Sir82, why should individual publishers be the unit that defines growth or decline? I know this is an extremely difficult concept to challenge in our individualistic society, but it is difficult to justify when you really think about it. Not all individuals are equal. If you swap 100 zealous individuals for 100 who couldn’t care less, is that really equivalent?
Consider a scenario where you have a congregation of 50 publishers who are very zealous, half of them are pioneers, fifteen elders, broad range of ages, lots of ministry, over 100% attendance at meeting, Bible studies, fantastic donations and so on.
Same congregation, thirty years later, still 50 publishers (including 15 minute reports) now mostly older publishers, only 1 pioneer, 2 elders, hardly any ministry, only 70% at meetings, donations barely cover costs.
As a resul this congregation is merged with another congregation. According to your reckoning no “decline” as such has taken place here, because the publisher number is the same. Yet I think we are missing something pretty significant if we don’t observe that the merging of congregations in a scenario like this is, at a very deep and significant level, definitely an indication of “decline”. The interesting thing is, the scenario I described above is actually not far from the reality in some congregations!

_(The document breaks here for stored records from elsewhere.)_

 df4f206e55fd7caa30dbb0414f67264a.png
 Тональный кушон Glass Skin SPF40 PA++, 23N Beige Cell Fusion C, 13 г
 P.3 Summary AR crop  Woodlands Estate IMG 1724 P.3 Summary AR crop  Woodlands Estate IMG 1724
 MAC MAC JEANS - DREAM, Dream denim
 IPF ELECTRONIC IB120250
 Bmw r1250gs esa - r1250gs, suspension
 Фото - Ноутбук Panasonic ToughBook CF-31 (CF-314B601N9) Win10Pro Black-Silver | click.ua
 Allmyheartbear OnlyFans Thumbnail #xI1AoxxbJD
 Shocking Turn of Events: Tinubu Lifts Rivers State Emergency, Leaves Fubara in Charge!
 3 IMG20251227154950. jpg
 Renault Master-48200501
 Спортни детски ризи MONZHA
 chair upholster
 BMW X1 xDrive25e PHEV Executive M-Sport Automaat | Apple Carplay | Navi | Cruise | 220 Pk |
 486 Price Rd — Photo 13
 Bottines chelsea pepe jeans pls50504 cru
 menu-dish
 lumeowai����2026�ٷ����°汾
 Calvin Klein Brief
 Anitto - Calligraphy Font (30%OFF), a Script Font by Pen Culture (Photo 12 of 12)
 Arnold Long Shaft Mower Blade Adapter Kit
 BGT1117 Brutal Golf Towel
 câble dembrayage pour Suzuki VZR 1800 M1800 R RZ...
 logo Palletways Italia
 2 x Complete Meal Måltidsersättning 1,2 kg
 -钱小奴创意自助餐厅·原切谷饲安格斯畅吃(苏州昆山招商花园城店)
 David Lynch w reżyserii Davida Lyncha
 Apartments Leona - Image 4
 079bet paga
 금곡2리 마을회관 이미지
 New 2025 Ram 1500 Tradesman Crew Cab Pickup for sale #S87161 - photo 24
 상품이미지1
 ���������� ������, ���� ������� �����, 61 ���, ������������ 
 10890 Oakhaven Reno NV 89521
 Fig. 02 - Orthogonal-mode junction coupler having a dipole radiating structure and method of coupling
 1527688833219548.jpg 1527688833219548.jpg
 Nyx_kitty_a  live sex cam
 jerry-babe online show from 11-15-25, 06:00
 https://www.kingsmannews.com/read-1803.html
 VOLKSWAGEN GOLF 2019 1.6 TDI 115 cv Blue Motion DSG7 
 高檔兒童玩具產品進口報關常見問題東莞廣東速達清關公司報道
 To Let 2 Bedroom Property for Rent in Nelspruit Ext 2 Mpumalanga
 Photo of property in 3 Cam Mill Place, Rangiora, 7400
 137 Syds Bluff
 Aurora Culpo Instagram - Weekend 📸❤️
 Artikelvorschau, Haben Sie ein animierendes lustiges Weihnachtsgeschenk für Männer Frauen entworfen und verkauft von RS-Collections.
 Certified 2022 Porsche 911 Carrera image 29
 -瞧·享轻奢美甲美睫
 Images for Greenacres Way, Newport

The number of congregations is a much better indication of vitality, growth or decline, precisely because it measures much more than just the number of individuals involved, which frankly can be much more easily manipulated or misrepresented. It captures something of the level of commitment and direction of travel too. If you say “won’t the programme of consolidation give a false impression of decline?” My response is: the programme of consolidation is a result of massive decline.